Wikipedia states it "became a de facto industry standard," suggesting to me that it wasn't really HP's intention to make any kind of standard at all. And I'd guess that what happened is others reverse engineered it to make a "compatible" product.
(Pure speculation on my part though)
Form feed got a lot of meaning from the teletype machines much like CR and LF did. I don't doubt some of the other characters had other specialized purposes back in the day, but heck if I know what "Device Control One" (17), "Device Control Two" (18), etc are supposed to mean/do.
That being said, there are formats that do have both text and binary versions. PDF and FBX for example come to mind.
Plain text formats that also comes to mind, other than HTML, would be TeX, CSV, innumerable Un*x config files (e.g. /etc/fstab), and a goodly number of various internet protocols. (SMTP, HTTP, IRC, to name a few)
Quote:
Clearly, the ability of disparate systems to parse a data stream couldn’t been much of a problem with the widely-used ANSI/ECMA control sequences used with many displays, including the Linux console. A typical ANSI/ECMA sequence starts with that ubiquitous <ESC> and finishes with mumbo-jumbo that even someone like me who has been working with it for some forty years still can’t decipher on sight.
<ESC>[(ignore until); only works part of the time. Thus leading Linux and other Un*x like variants to use the (in)famous termcap file.

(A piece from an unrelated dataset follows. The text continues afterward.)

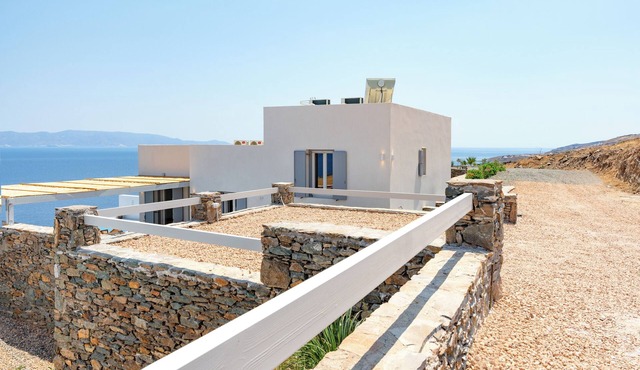 MZ Deep Blue in Kythnos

Which is just a massive database, that, as I vaguely recall someone else here putting it, "must be maintained by someone who is mentally unstable." (not a direct quote)
Heck, even just trying to support the VT-100 codes for my own 65xxx software is a bit of a nightmare because different terminals all want to send the codes in their own "special" way..... >_>
"You said you wanted us to send VT-100 codes, but we decided that for these 4 keys, we'd use the XTerm escapes instead....." <screams internally>
Don't get me started with what my poor friend has to deal with, when working on their BBS software..... (I never hear the end of it when a bug comes in about another BBS or terminal that doesn't work because it follow the "spec" *eyeroll*)
If I'm not mistaken, isn't the termcap file itself plain text? (Or starts out as such and then gets compiled or something like that?)
Quote:
ASCII is the character-encoding standard in the computing world and has been so since the 1960s, IBM’s EBCDIC notwithstanding. GSM is primarily a telecommunications thing—it’s not something that an E- mail server would use to forward a message to another server.